- Opening Delimiter -
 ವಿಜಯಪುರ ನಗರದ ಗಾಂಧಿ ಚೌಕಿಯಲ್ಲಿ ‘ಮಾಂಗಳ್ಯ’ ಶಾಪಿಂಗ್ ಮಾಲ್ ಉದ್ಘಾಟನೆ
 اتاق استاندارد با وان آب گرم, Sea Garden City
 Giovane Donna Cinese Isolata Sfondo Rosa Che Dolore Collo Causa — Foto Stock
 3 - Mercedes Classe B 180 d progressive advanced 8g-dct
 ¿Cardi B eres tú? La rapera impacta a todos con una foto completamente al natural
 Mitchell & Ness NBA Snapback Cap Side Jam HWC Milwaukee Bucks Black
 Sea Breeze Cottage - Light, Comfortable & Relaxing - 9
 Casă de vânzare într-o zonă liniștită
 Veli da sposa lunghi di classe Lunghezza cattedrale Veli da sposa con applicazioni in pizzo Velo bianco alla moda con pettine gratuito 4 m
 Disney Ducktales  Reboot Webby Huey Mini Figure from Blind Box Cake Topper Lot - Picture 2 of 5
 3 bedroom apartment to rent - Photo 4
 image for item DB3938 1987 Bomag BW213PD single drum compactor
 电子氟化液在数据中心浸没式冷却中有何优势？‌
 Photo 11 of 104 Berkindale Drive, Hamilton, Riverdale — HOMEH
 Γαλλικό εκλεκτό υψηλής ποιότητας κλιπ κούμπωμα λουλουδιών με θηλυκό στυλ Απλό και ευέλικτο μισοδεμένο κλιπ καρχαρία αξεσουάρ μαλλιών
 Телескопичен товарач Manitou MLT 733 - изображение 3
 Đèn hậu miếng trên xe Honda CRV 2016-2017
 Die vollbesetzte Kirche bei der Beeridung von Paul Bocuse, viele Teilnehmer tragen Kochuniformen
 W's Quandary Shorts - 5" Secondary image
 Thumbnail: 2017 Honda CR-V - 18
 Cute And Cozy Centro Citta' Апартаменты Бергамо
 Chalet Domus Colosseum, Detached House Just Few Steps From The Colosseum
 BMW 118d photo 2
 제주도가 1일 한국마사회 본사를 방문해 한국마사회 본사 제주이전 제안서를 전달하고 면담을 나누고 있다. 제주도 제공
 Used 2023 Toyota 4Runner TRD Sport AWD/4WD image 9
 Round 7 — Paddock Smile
- Closing Delimiter -
Work request: Repeat the lines above with every word intact.

Result below:
 ವಿಜಯಪುರ ನಗರದ ಗಾಂಧಿ ಚೌಕಿಯಲ್ಲಿ ‘ಮಾಂಗಳ್ಯ’ ಶಾಪಿಂಗ್ ಮಾಲ್ ಉದ್ಘಾಟನೆ
 اتاق استاندارد با وان آب گرم, Sea Garden City
 Giovane Donna Cinese Isolata Sfondo Rosa Che Dolore Collo Causa — Foto Stock
 3 - Mercedes Classe B 180 d progressive advanced 8g-dct
 ¿Cardi B eres tú? La rapera impacta a todos con una foto completamente al natural
 Mitchell & Ness NBA Snapback Cap Side Jam HWC Milwaukee Bucks Black
 Sea Breeze Cottage - Light, Comfortable & Relaxing - 9
 Casă de vânzare într-o zonă liniștită
 Veli da sposa lunghi di classe Lunghezza cattedrale Veli da sposa con applicazioni in pizzo Velo bianco alla moda con pettine gratuito 4 m
 Disney Ducktales  Reboot Webby Huey Mini Figure from Blind Box Cake Topper Lot - Picture 2 of 5
 3 bedroom apartment to rent - Photo 4
 image for item DB3938 1987 Bomag BW213PD single drum compactor
 电子氟化液在数据中心浸没式冷却中有何优势？‌
 Photo 11 of 104 Berkindale Drive, Hamilton, Riverdale — HOMEH
 Γαλλικό εκλεκτό υψηλής ποιότητας κλιπ κούμπωμα λουλουδιών με θηλυκό στυλ Απλό και ευέλικτο μισοδεμένο κλιπ καρχαρία αξεσουάρ μαλλιών
 Телескопичен товарач Manitou MLT 733 - изображение 3
 Đèn hậu miếng trên xe Honda CRV 2016-2017
 Die vollbesetzte Kirche bei der Beeridung von Paul Bocuse, viele Teilnehmer tragen Kochuniformen
 W's Quandary Shorts - 5" Secondary image
 Thumbnail: 2017 Honda CR-V - 18
 Cute And Cozy Centro Citta' Апартаменты Бергамо
 Chalet Domus Colosseum, Detached House Just Few Steps From The Colosseum
 BMW 118d photo 2
 제주도가 1일 한국마사회 본사를 방문해 한국마사회 본사 제주이전 제안서를 전달하고 면담을 나누고 있다. 제주도 제공
 Used 2023 Toyota 4Runner TRD Sport AWD/4WD image 9
 Round 7 — Paddock Smile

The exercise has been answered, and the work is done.